Tesla has more short sellers than any other U.S. stock, S3 says, with over 18% of its publicly available shares sold short. The short sellers are investors who borrow shares from a bank and then sell them, hoping the stock will go down. If it does, then the short sellers buy them back at lower prices and return them to the bank, profiting on the difference.
But the opposite is happening with Tesla. If a stock price instead trends higher, short sellers are forced to buy back the equity at a higher price in order to cut their mounting losses. With shares of Elon Musk's automaker ripping more than 14% higher in Monday trading, losses are climbing for shorts.
The stock closed up nearly 20% on Monday at a record high $780.00 a share.
S3 Partners' Ihor Dusaniwsky said Tesla shorts are down $8.3 billion in mark-to-market losses so far in 2020, including almost $2.5 billion in mark-to-market losses on Monday.

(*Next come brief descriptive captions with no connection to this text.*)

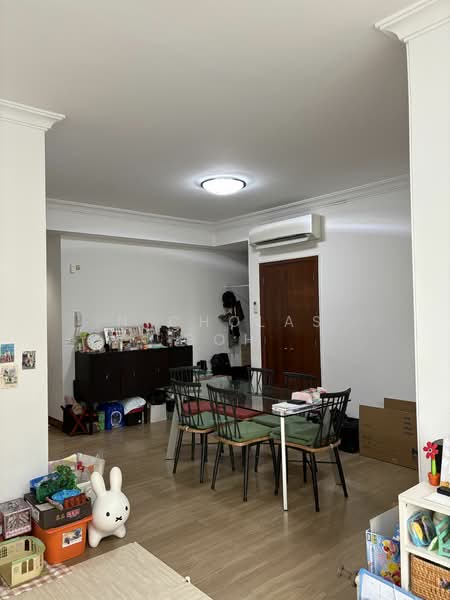 Tanglin View, 152 Prince Charles Crescent, 3 Bedrooms, 1,163 sqft, Condominium For Rent, by Nicholas Goh, 20771140 - PropertyGuru.com.sg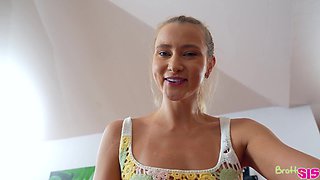 Ivi Rein Mesmerizes with Skinny Stepsis Play Heat
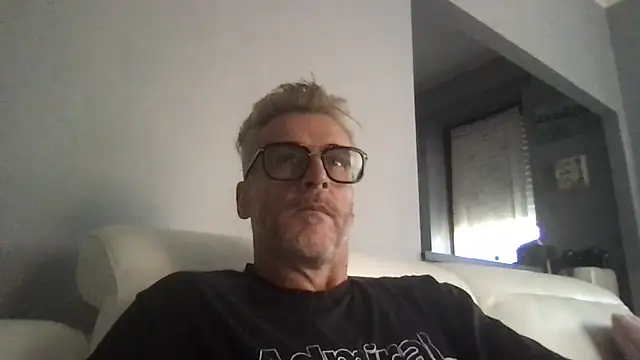 Axl hot online show from June 2026 07:47:02 AM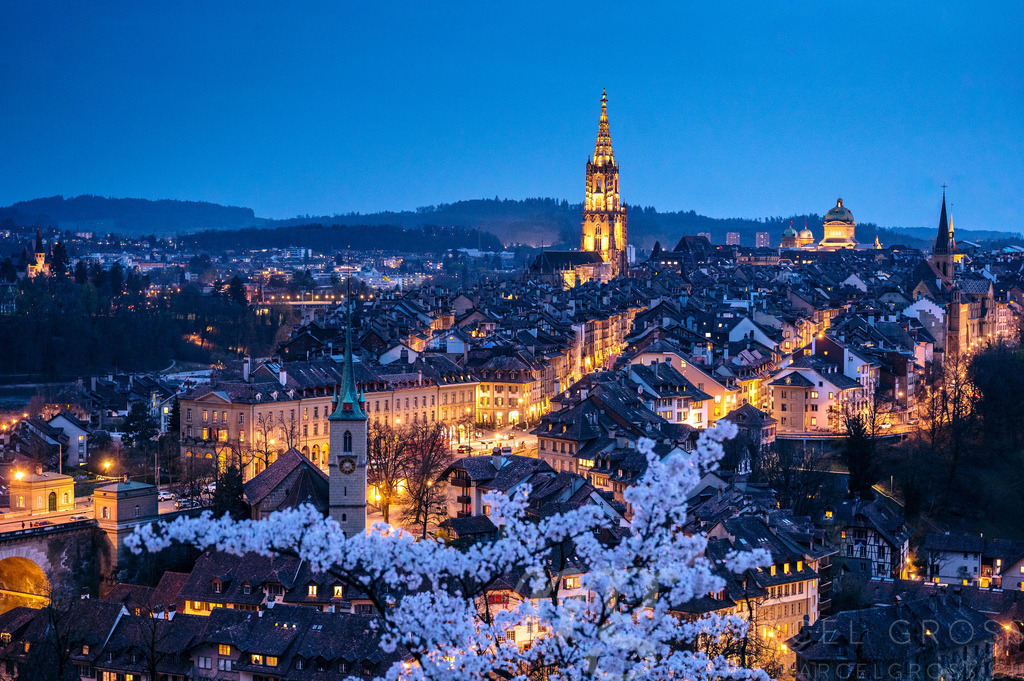 view from Rosengarten over the historic center of Bern during nightfall | Die ideale Geschenkidee für Naturliebhaber. Naturbilder von Marcel Gross Photography für ihr Zuhause in den verschiedensten Formaten und Materialien. - Realisiert mit Pictrs.com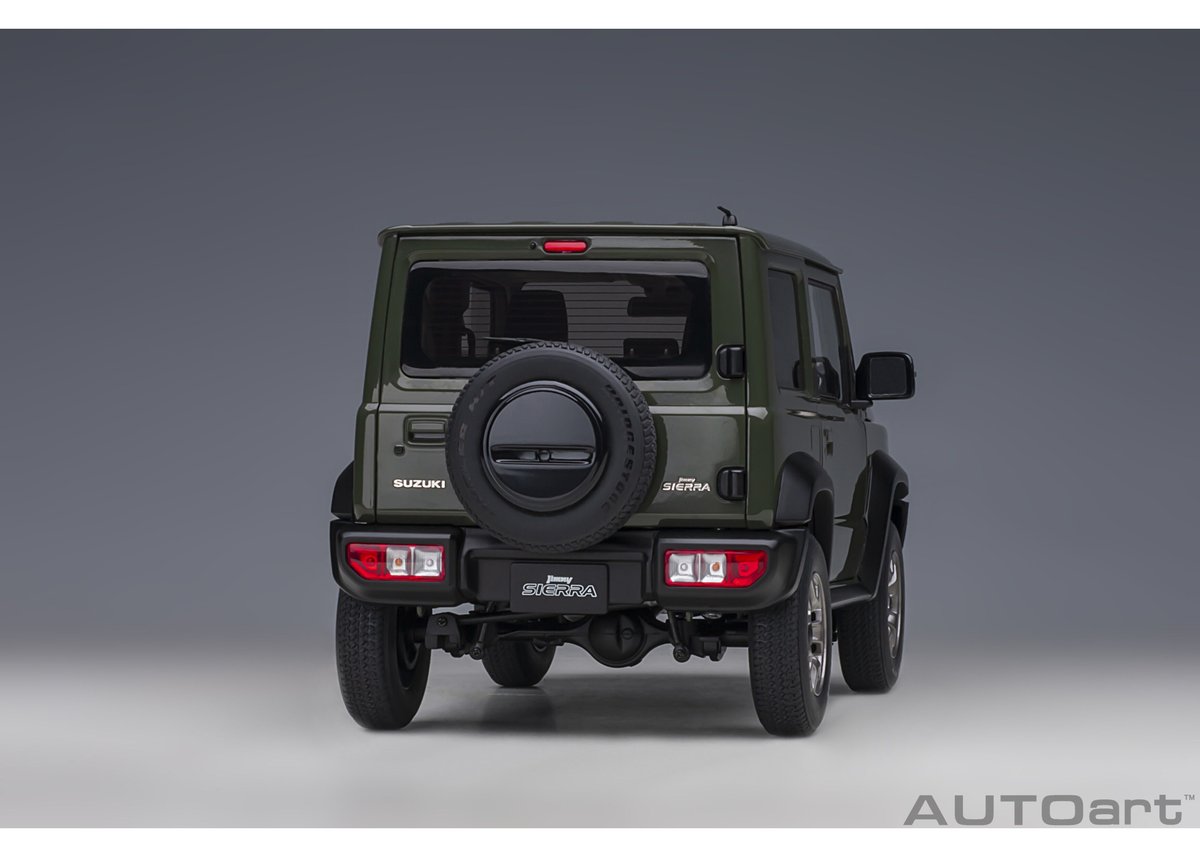 AUTOart 1/18 スズキ ジムニー シエラ (JB74) (モスグリーン AUTOart 1/18 スズキ ジムニー シエラ (JB74) (モスグリーン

Tesla's stock has climbed nearly 220% in the past six months and passed the $700-a-share level for the first time. Dusaniwsky said that, since the stock was under $200 a share in June, Tesla short sellers have covered $12.6 billion worth of stock. That's a factor that is likely fueling Tesla's current rally: If enough short sellers buy in tandem, it can create higher demand and itself drive the equity price even higher, a phenomenon also known as "a short squeeze."